Transcribe exactly, please, the lines from the one containing "331.62 acres in Brown County - photo 17" through the end of the records below, and leave out the pictures.
Segment Start: Exercise materials
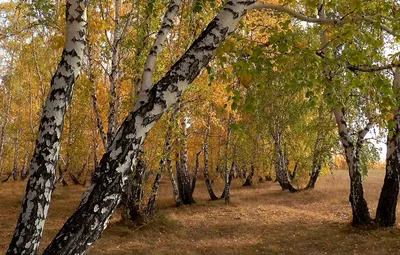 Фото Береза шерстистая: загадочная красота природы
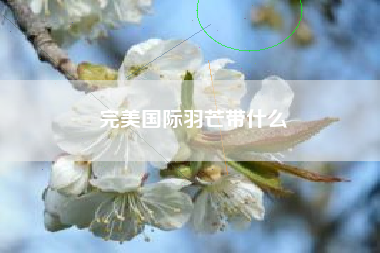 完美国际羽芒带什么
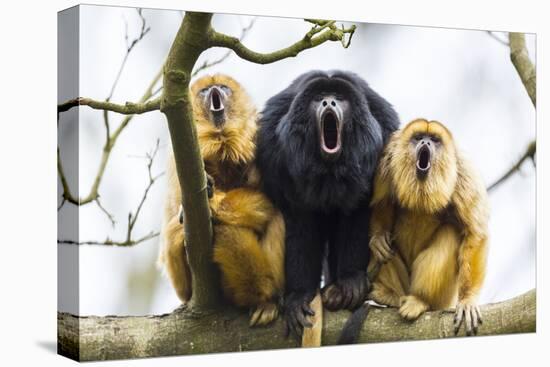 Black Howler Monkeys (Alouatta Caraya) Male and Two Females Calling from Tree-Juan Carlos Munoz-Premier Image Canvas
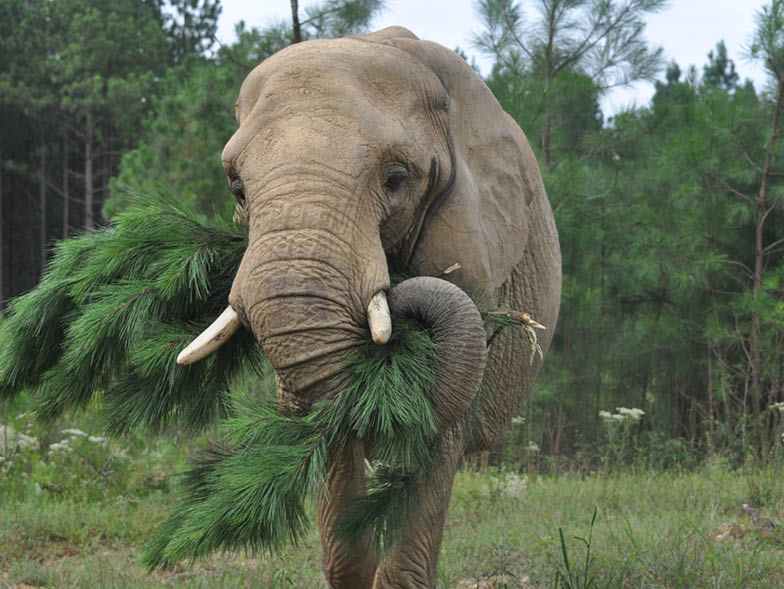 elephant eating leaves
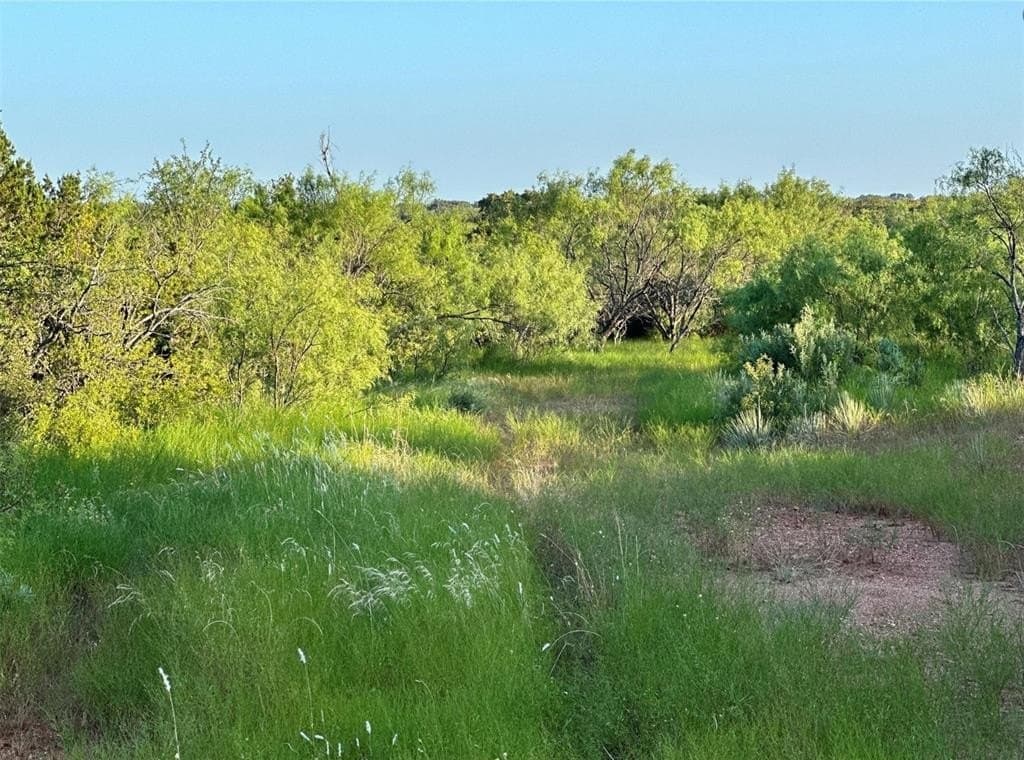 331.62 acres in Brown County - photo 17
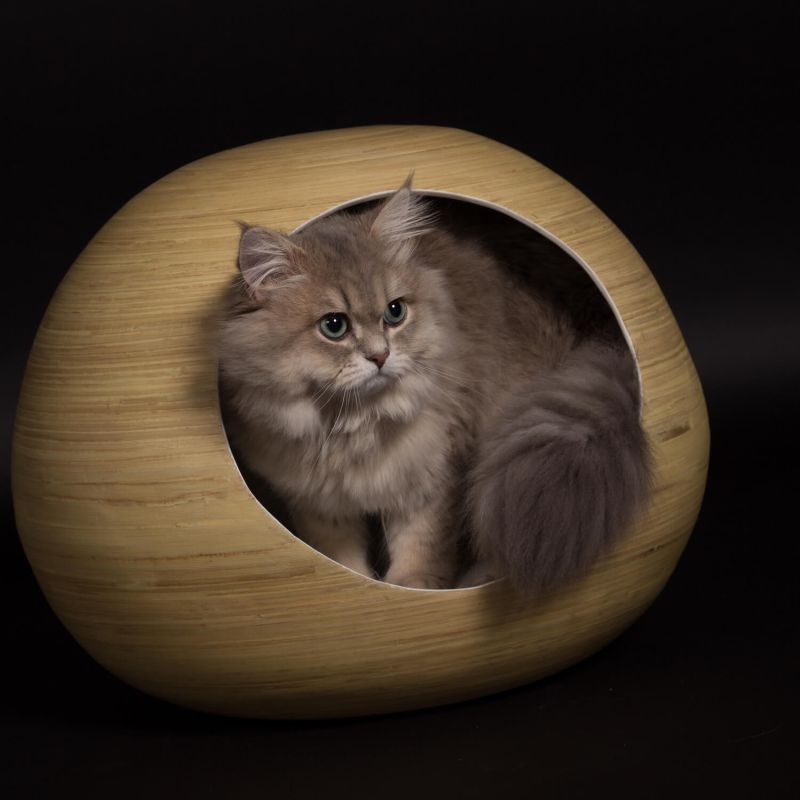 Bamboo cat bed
Segment End: Exercise materials
> **Result for this task**:
 331.62 acres in Brown County - photo 17
 Bamboo cat bed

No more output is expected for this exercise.